I decide what colour profile to use at the point of Export from Lr depending on what the image will be used for. I have 4 Export presets configured to handle 95% of my export needs. For web or email I have configured srgb, for a specific printing service I have AdobeRGB.

srgb is a relatively small colour space, so you are losing a lot of the colour information captured by your camera's sensor. At some stage in the future you may wish to print your own images, where you will have access to paper and ink with a much wider gamut than srgb, or indeed use a different print service.


----------



## csiobhan88 (Sep 18, 2016)

Gnits said:


> There are probably lots of conflicting views and needs on this topic.
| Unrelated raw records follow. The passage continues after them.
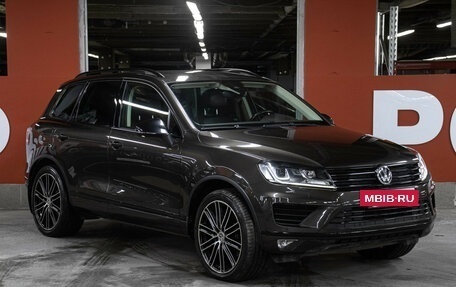 Volkswagen Touareg III, 2017 год, 3 998 000 рублей, 3 фотография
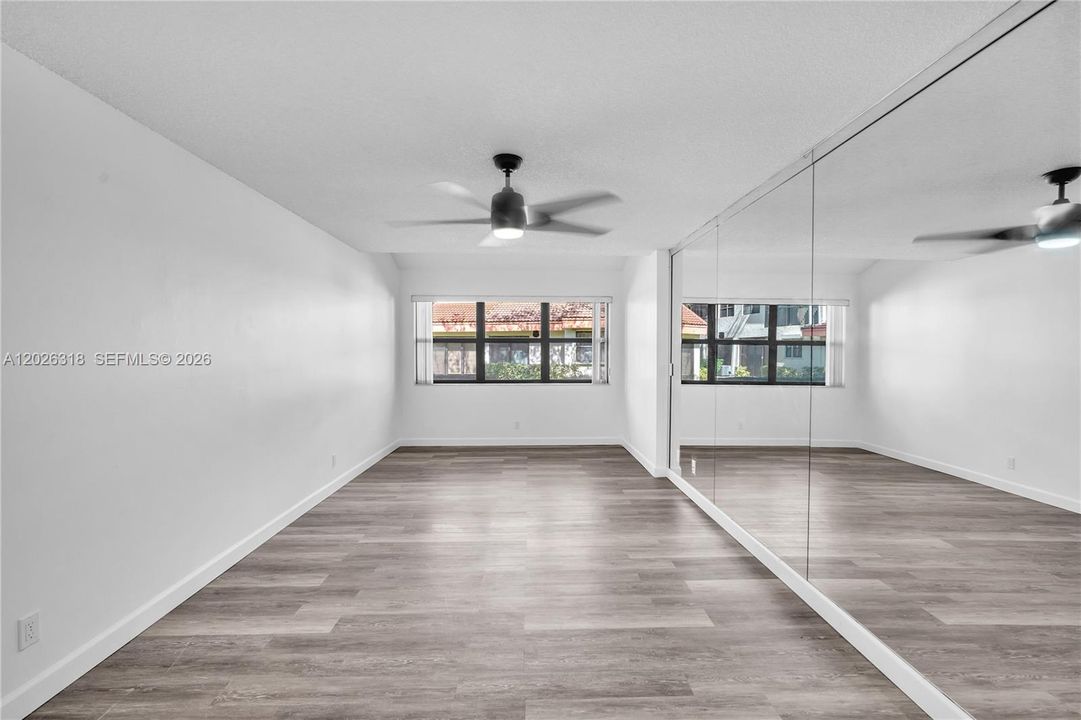 For Rent: $2,950 (2 beds, 2 baths, 1238 Square Feet)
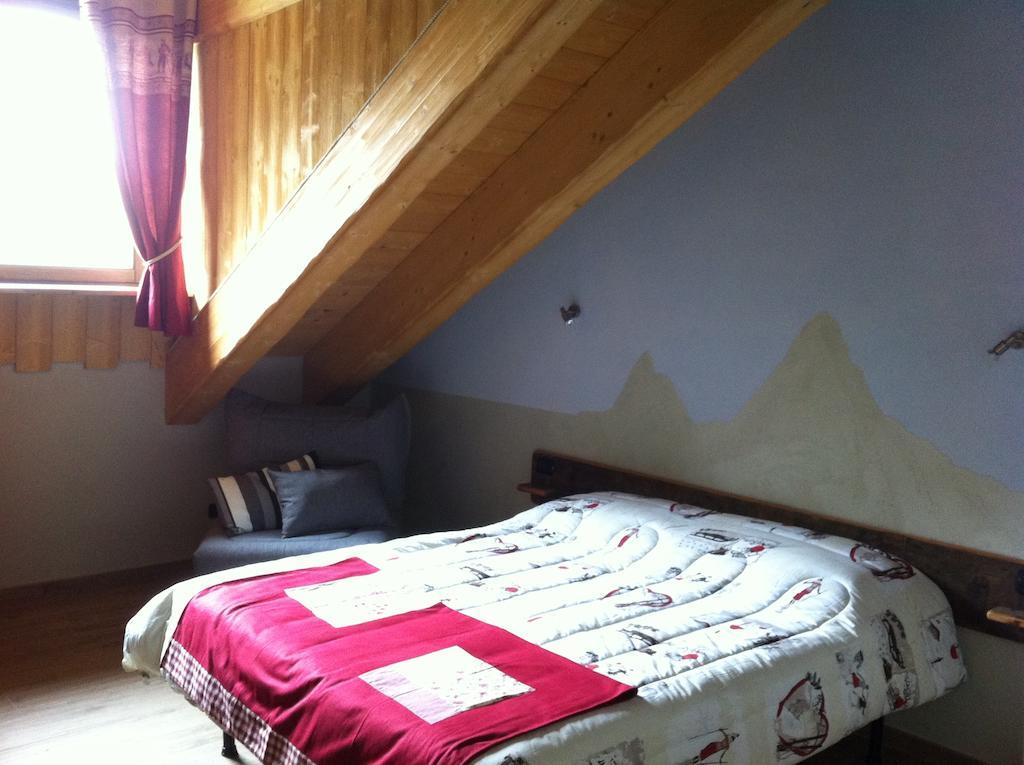 Bed and Breakfast Alpe Rebelle Bionaz Habitación foto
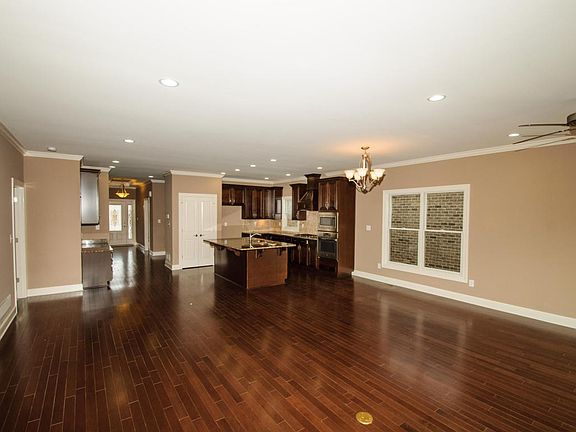 3612 Meridian Gardens-22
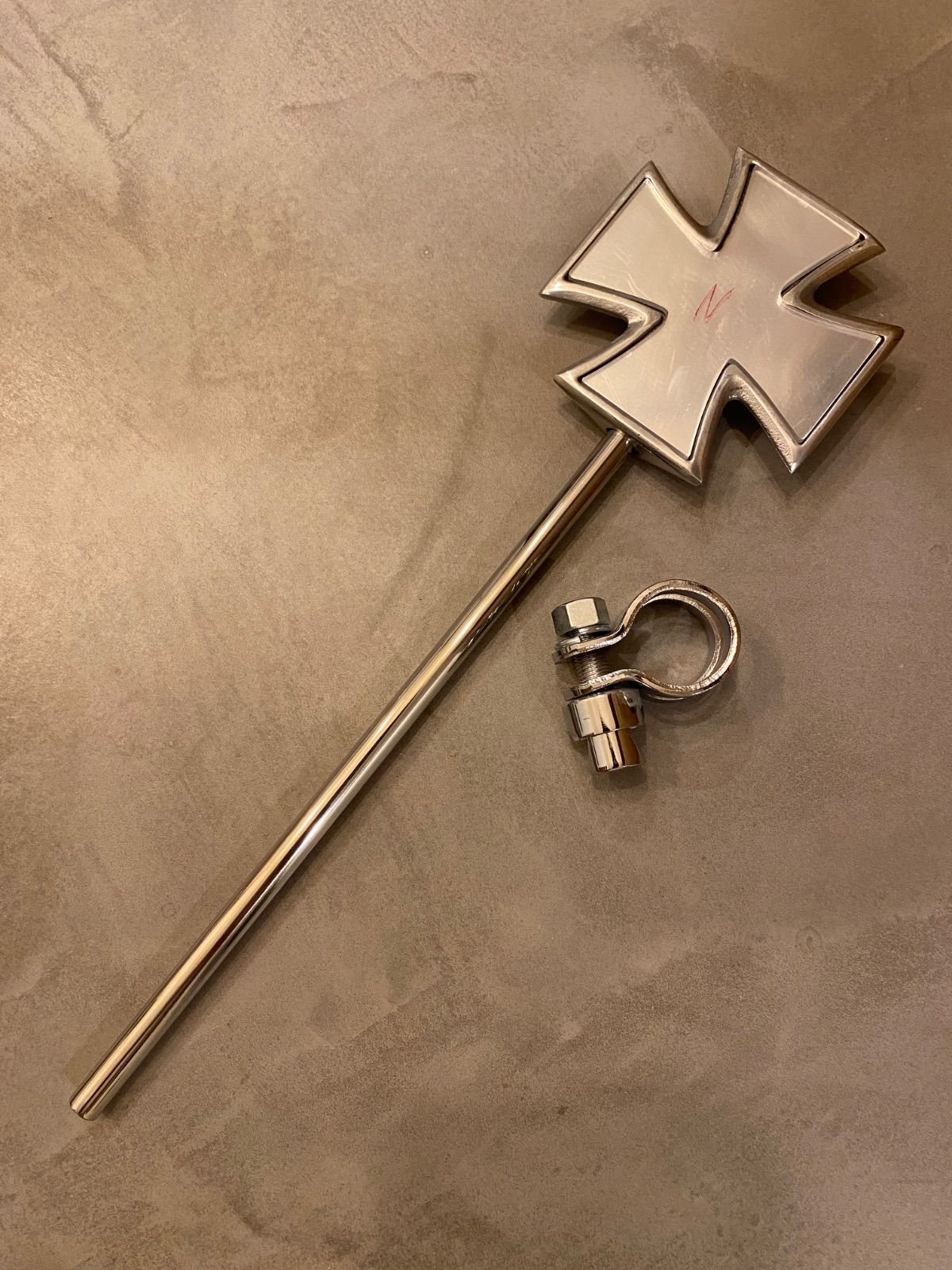 Dayten Casting （デイテンキャスティング）アイアンクロス ミラー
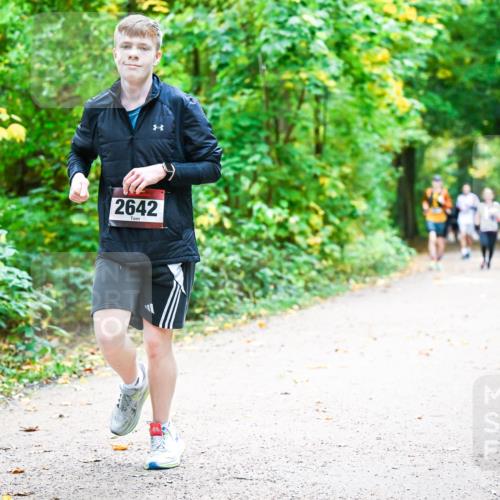 12.10.2025 - Bramfelder Halbmarathon 2025 Dr. Thomas Lammeyer http://msf.ph/oto/9342359 12.10.2025 09:54:44 Laufen 2642 meine-sportfotos.de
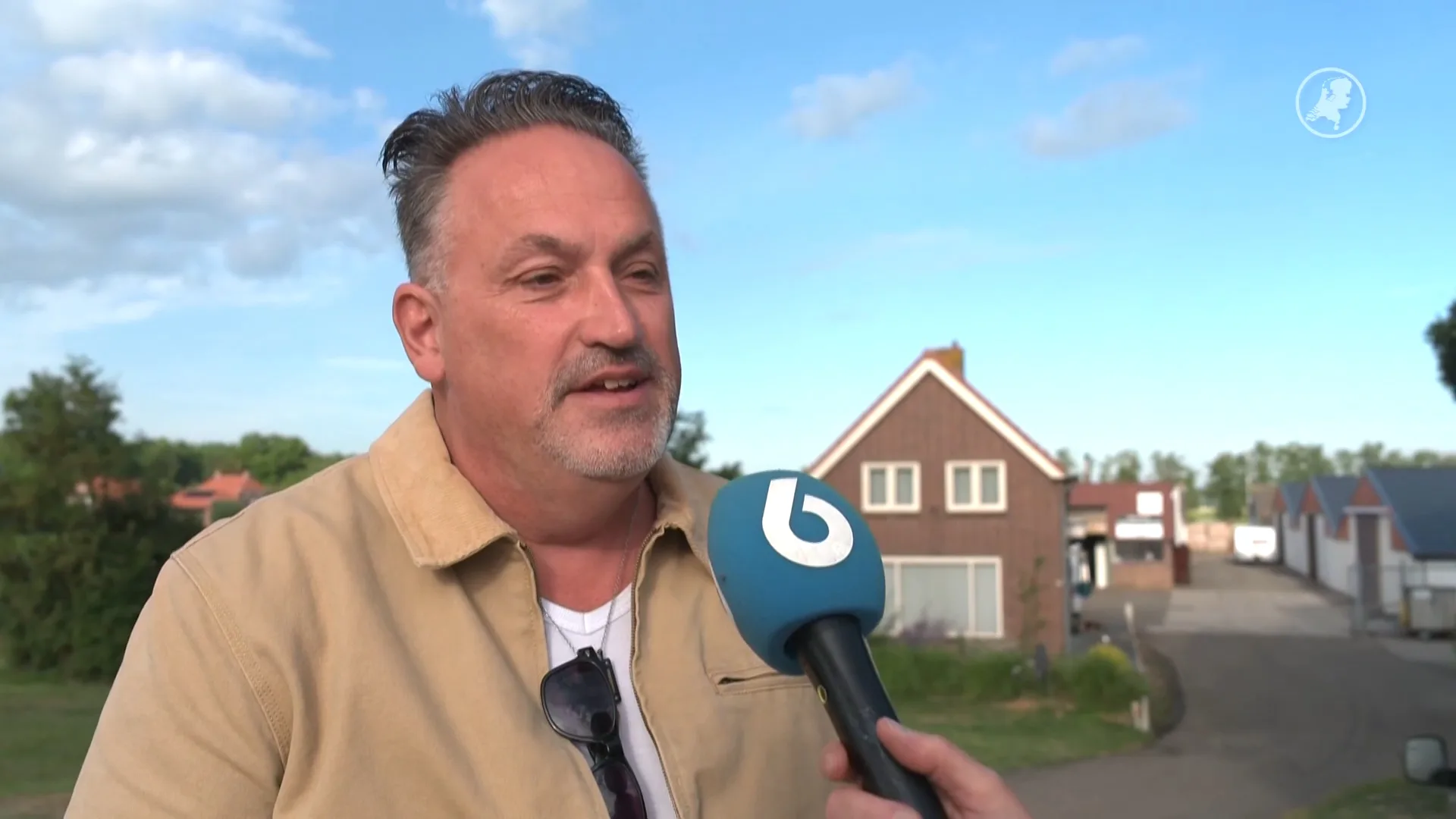 Eigenaar caravans waar brand uitbrak bezorgd: 'Het zal toch niet waar zijn?'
So far, the srgb is just easier, since it works with Mpix as well as online.  If that's what fixed this problem, I'd gladly make the switch now, but I did try changing both LR and PS to AdobeRGB, and then ProPhoto as well.  Nothing changed at all.  The images remained as they were in LR, and still showed up too dark in PS.  I am losing my mind!!


----------



## Gnits (Sep 18, 2016)

How was the image in Lr created.  For example, is it a raw file or a jpg from a camera.


----------



## clee01l (Sep 18, 2016)

Welcome to the forum. Lightroom uses the ProPhotoRGB colorspace for processing and so should you since the color envelop is larger.  Even though your monitor may no be capable of displaying colors outside of sRGB, you should let the computations create and work with them.   The  using the Edit-In Function to invoke Photoshop. you should let Photoshop have the broader colorspace too.  
The differences that you are seeing are probably the rendering of ProPhotoRGB colors in LR  versus sRGB colors in Photoshop.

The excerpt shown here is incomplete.